### DATA LISTING:
* * *

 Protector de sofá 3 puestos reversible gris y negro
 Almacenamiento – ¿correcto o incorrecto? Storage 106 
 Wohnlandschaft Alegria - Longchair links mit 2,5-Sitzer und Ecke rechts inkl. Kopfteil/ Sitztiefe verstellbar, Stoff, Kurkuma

* * *

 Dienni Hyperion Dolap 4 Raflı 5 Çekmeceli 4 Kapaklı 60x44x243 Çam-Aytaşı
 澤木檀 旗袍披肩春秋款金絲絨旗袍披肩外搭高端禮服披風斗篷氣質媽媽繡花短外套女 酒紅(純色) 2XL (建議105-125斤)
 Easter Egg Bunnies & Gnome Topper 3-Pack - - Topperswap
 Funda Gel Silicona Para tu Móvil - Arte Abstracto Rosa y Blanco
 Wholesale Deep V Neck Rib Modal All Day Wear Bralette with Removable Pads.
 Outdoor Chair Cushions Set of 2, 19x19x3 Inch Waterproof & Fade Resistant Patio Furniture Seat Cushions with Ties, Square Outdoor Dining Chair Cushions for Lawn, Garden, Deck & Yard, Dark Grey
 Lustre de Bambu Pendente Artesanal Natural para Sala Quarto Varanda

* * *

### EXERCISE BRIEF:
Set down, exactly as they appear above, all lines from the one that has "Protector de sofá" down to the one that has "Wohnlandschaft Alegria - Longchair", including those two and no others.

### RESPONSE AREA:
 Protector de sofá 3 puestos reversible gris y negro
 Almacenamiento – ¿correcto o incorrecto? Storage 106 
 Wohnlandschaft Alegria - Longchair links mit 2,5-Sitzer und Ecke rechts inkl. Kopfteil/ Sitztiefe verstellbar, Stoff, Kurkuma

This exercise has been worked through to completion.